Interrogé sur France Inter ce 12 septembre, le porte-parole du gouvernement Olivier Véran a souligné que le marché a été conclu « en conformité parfaite avec la loi ». « Il peut y avoir une enquête fiscale sur une entreprise qui a le droit de fonctionner et de faire appel à des marchés publics », a justifié l’ancien ministre de la Santé, qui vient de publier son journal de bord de la crise. Il n’en demeure pas moins que « d’un point de vue politique, c’est une question embarrassante », reconnaît le sénateur Arnaud Bazin.

« Tout concourt pour donner raison à notre rapport », pour Éliane Assassi

Le feuilleton estival des cabinets de conseil ne s’arrête pas là, puisque Le Monde a dénoncé dans un article du 5 septembre le manque de célérité de l’exécutif à lui communiquer des documents publics. Le quotidien du soir sollicite depuis février auprès de l’Elysée la liste et le contenu des missions de conseil menées depuis 2017. La Commission d’accès aux documents administratifs (CADA) a donné un avis favorable à la requête des journalistes. La présidence de la République justifie ces délais par la « charge de travail disproportionnée » requise pour masquer les données commerciales présentes sur les documents. Le journal fait face à la même attente du côté des ministères, depuis février. Là encore, Le Monde est appuyé par la CADA. Un manque d’entrain qui agace au Sénat. « Il est tout à fait inacceptable que des documents qui doivent être communiqués, selon l’avis de la CADA, ne le soient pas. On ne peut pas trouver cela normal dans une démocratie », soutient le sénateur Arnaud Bazin.
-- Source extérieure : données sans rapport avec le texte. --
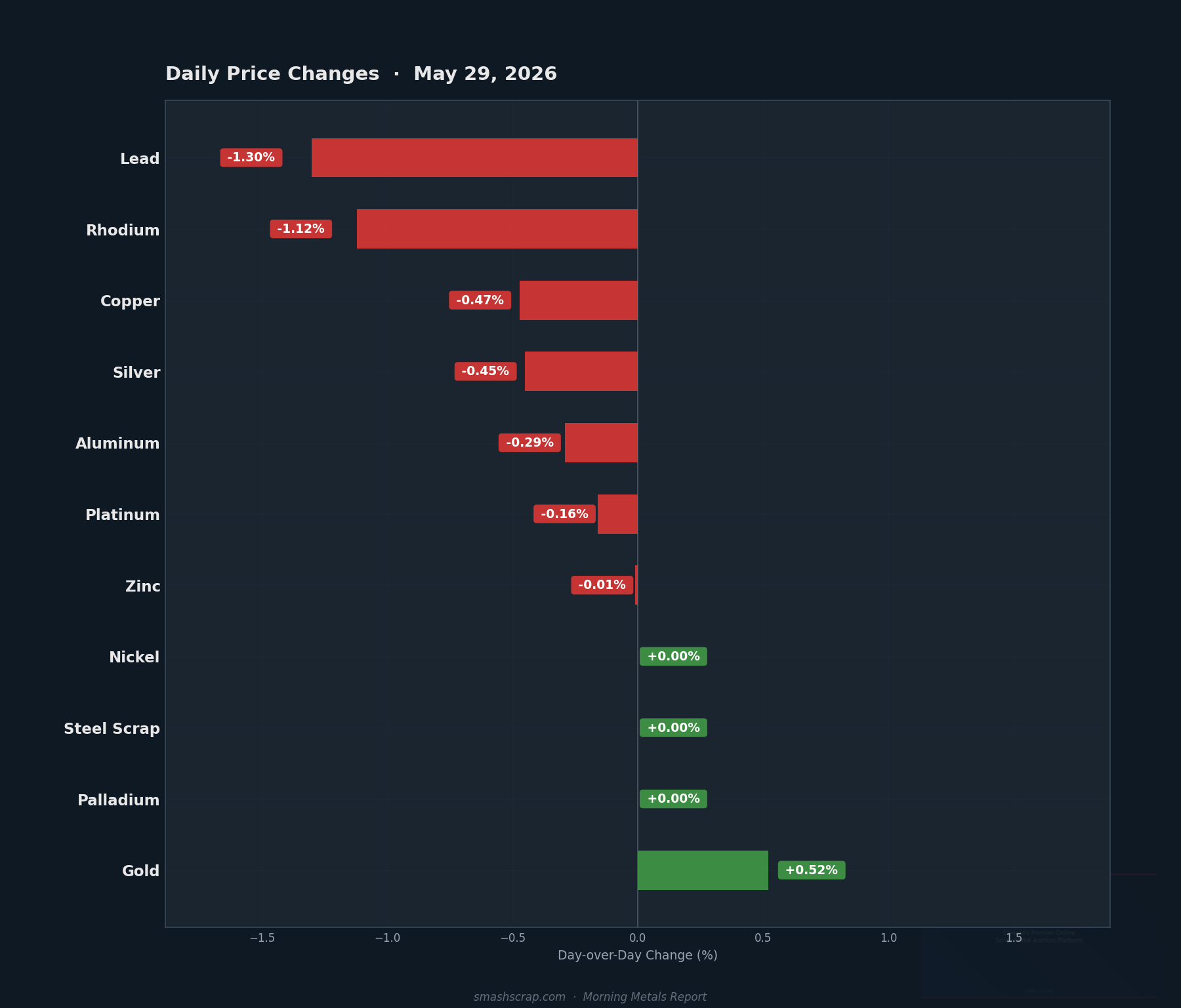 Daily metals price changes for May 29, 2026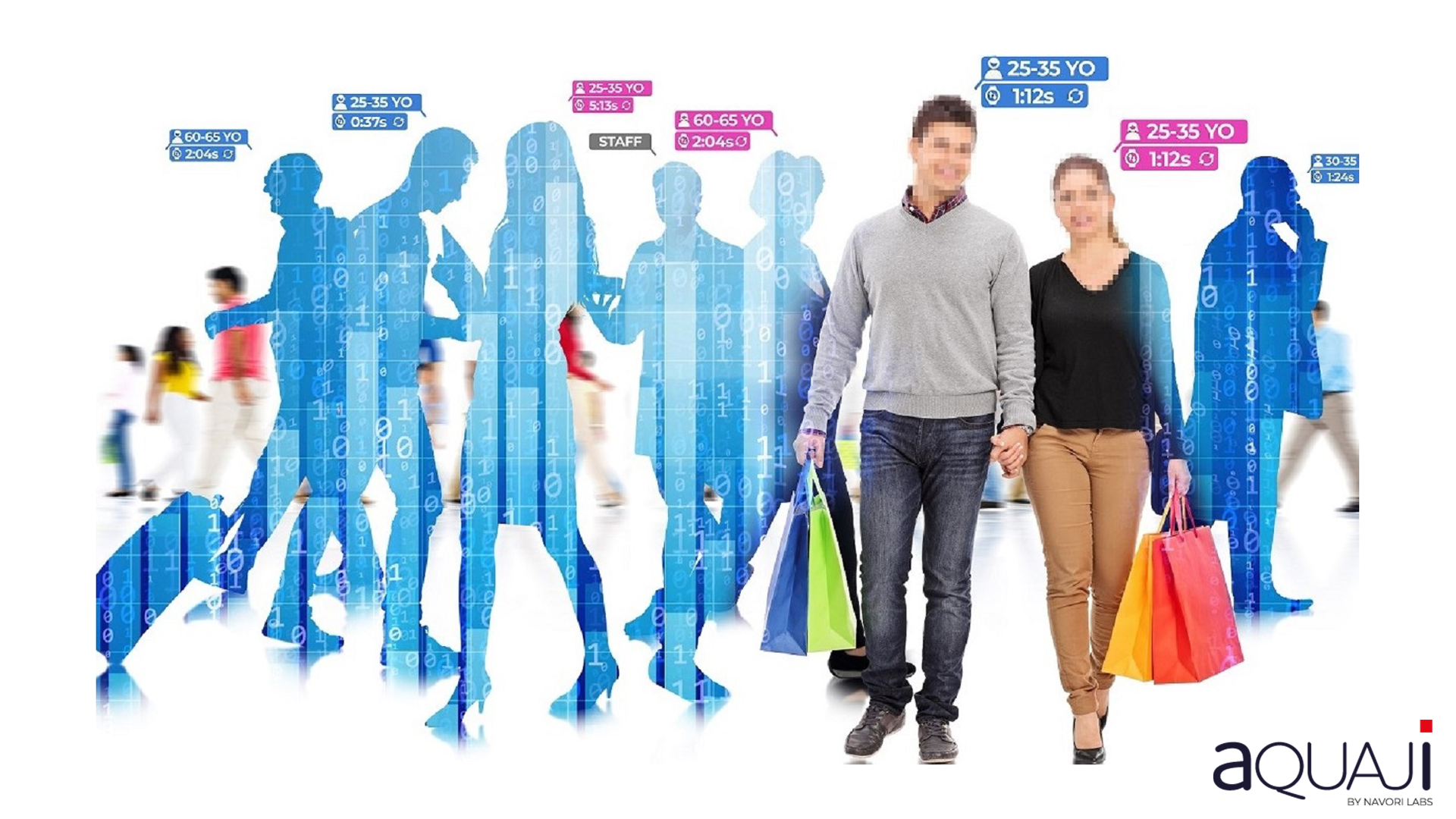Retail shoppers represented with audience analytics overlays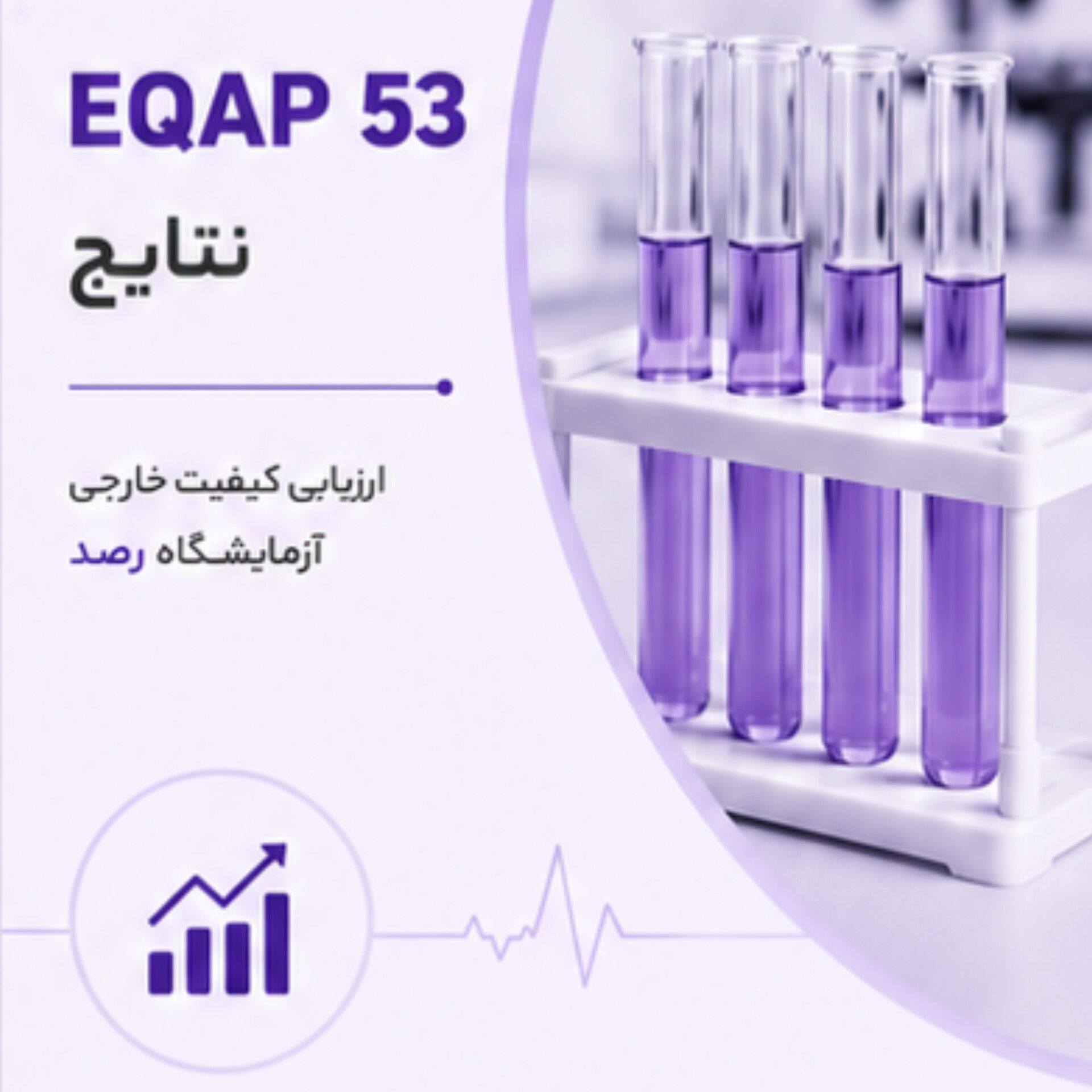 EQAP-53 نتایج 
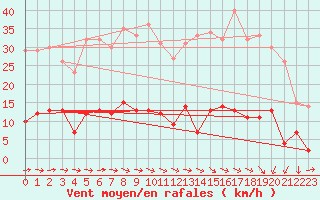 Courbe de la force du vent pour Deux-Verges (15)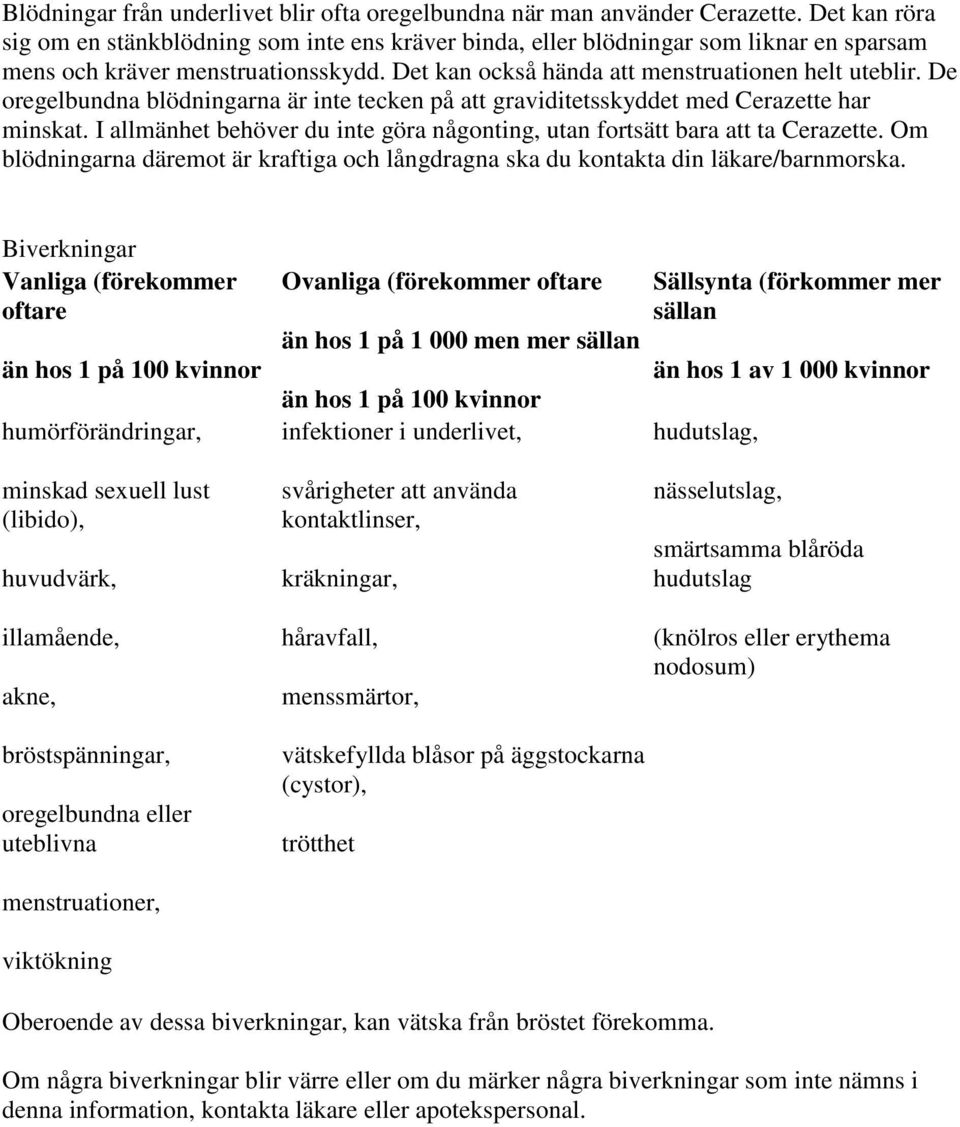 De oregelbundna blödningarna är inte tecken på att graviditetsskyddet med Cerazette har minskat. I allmänhet behöver du inte göra någonting, utan fortsätt bara att ta Cerazette.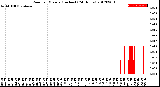 Milwaukee Weather Rain<br>per Minute<br>(Inches)<br>(24 Hours)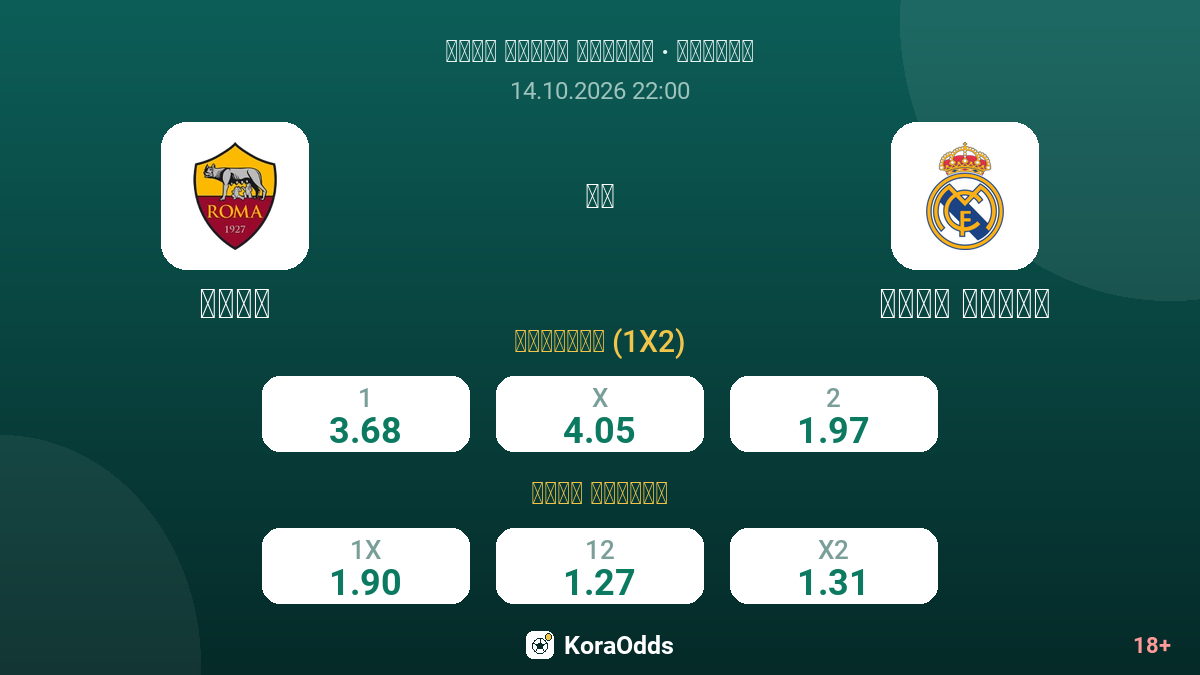 روما ضد ريال مدريد — الاحتمالات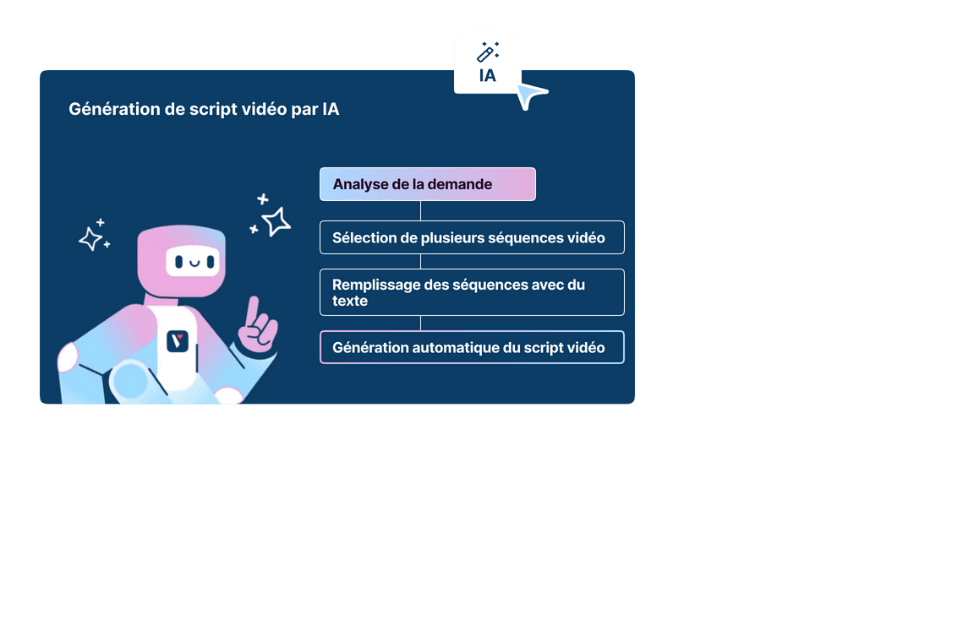 Génération script vidéo - Pitchy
Une chose est certaine, les épisodes de l’été sur le front des cabinets de conseil n’ont pas entamé la détermination des sénateurs à légiférer. C’est même le contraire. « Tout concourt pour donner raison à notre rapport et aux recommandations que nous avons faites. Aucune leçon n’a été tirée », conclut Éliane Assassi. « Cela démontre que notre proposition de loi est toujours aussi indispensable », renchérit son camarade Arnaud Bazin. La semaine prochaine, la commission des lois devrait désigner le ou la future rapporteur(e) du texte.